Extract from Isha Marathe’s article “RAG Is Far From Magic and Prone to Hallucinations”

In their quest to integrate and market generative AI-powered technologies, legal tech companies have often cited a process they claim keeps hallucinations at bay: retrieval augmented generation (RAG).

RAG shows up in press releases, at trade shows, and in many product demos as a solution for large language models’ (LLMs) hallucination problem. 

For technologists, RAG is a little more nuanced than that. It can be a useful mechanism for reducing hallucinations, but it’s not a permanent solution for every type of AI tool, and often shows up in different ways depending on implementation, they told Legaltech News. 
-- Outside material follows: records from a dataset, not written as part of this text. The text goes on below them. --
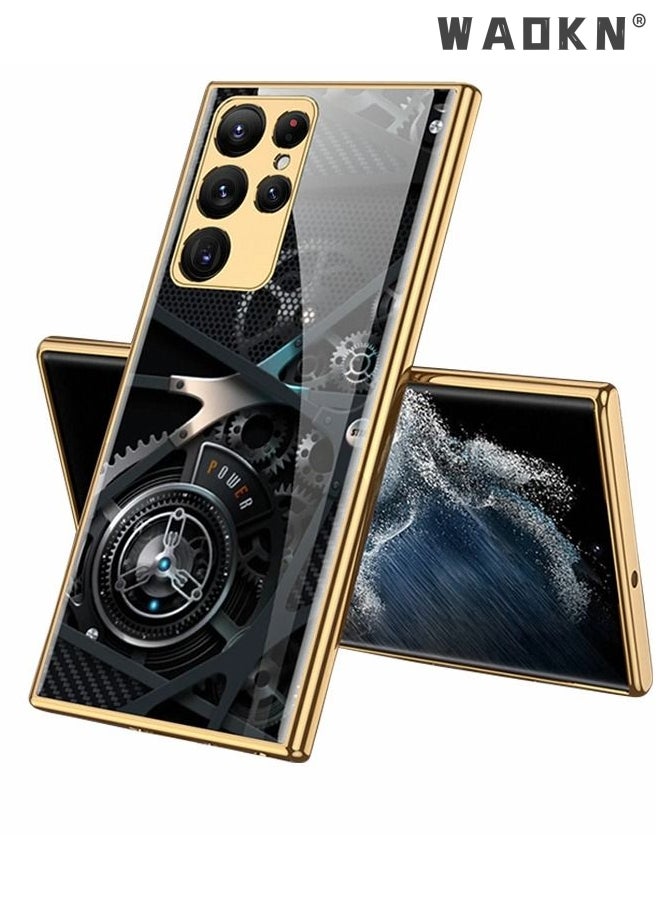 WAOKN Samsung Galaxy S23 Ultra Phone Case, Galaxy S23 Ultra Phone Case Slim Tempered Glass Phone Case, Fashion Plating PC Back Cover Case, Luxury Mechanic Drop Resistant Phone Case  - Image 1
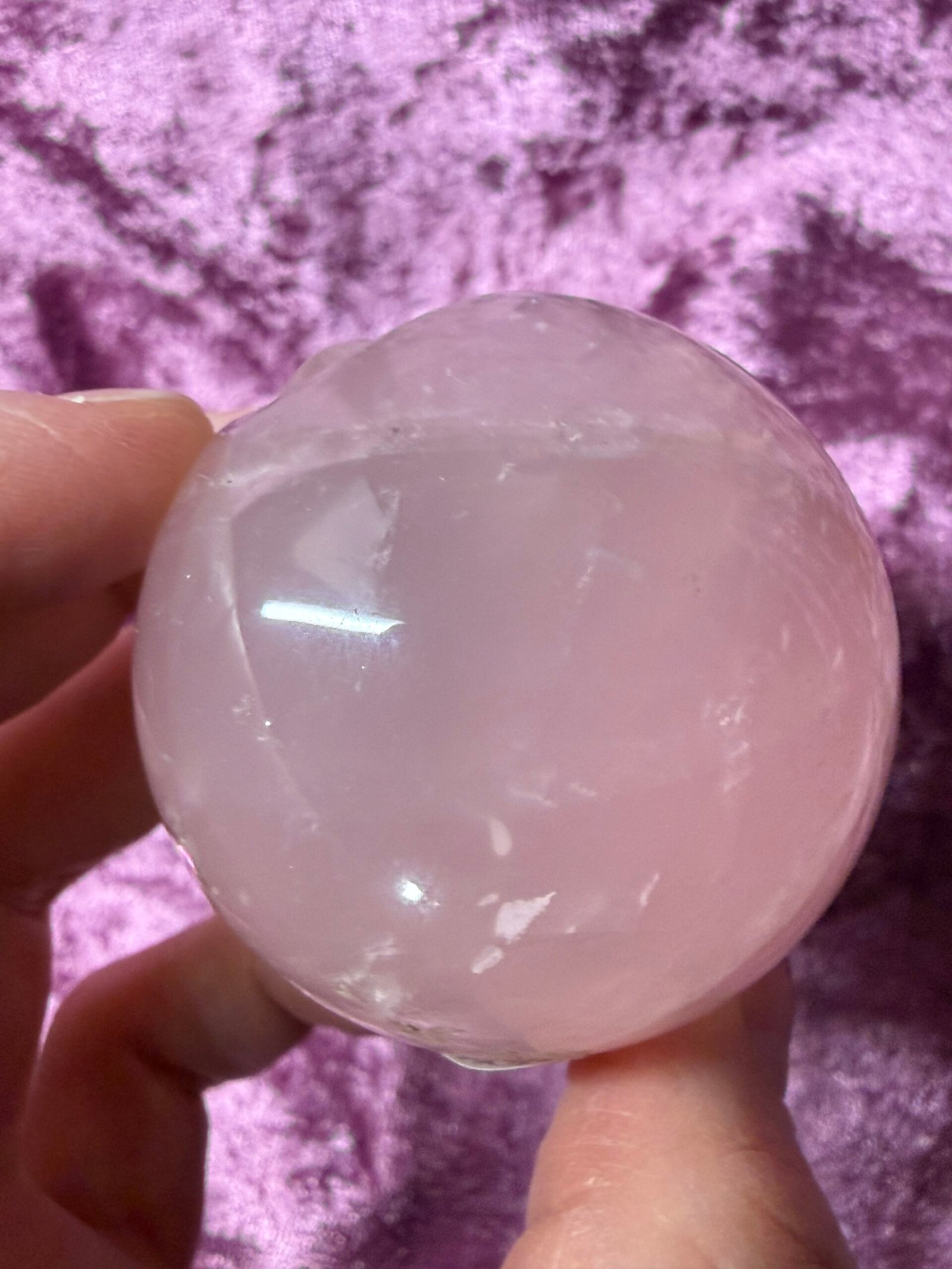 Rose Quartz Moon Face Sphere - Image 7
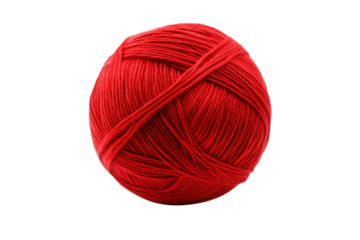 Red ball of yarn isolated on transparent background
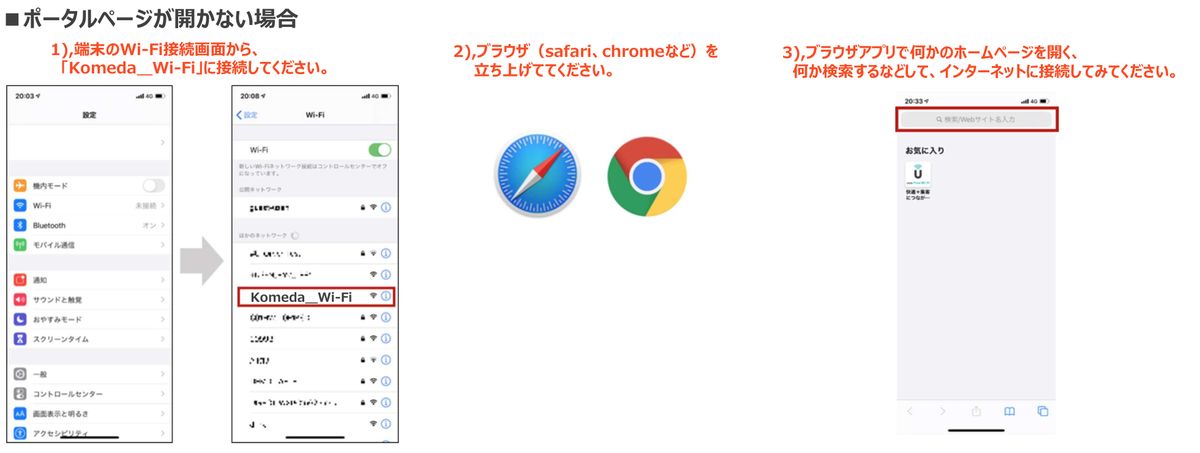 コメダ公式Komeda_Wi-Fi接続ガイドの「ポータルページが開かない場合」の3手順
For example, a recent study evaluating the accuracy of generative AI-powered legal research stalwarts Thomson Reuters (TR) and Lexis Nexis, both of which cite RAG as a mechanism for increasing accuracy, caused some surprise from the industry for the high hallucination rates it found. 

The Stanford pre-print research study, “Hallucination-Free? Assessing the Reliability of Leading AI Legal Research Tools,” conducted by Stanford’s RegLab and Human-Centered Artificial Intelligence (HAI) research center, showed that TR’s Westlaw AI and Lexis+AI hallucinated 33% and 17% of the time, respectively.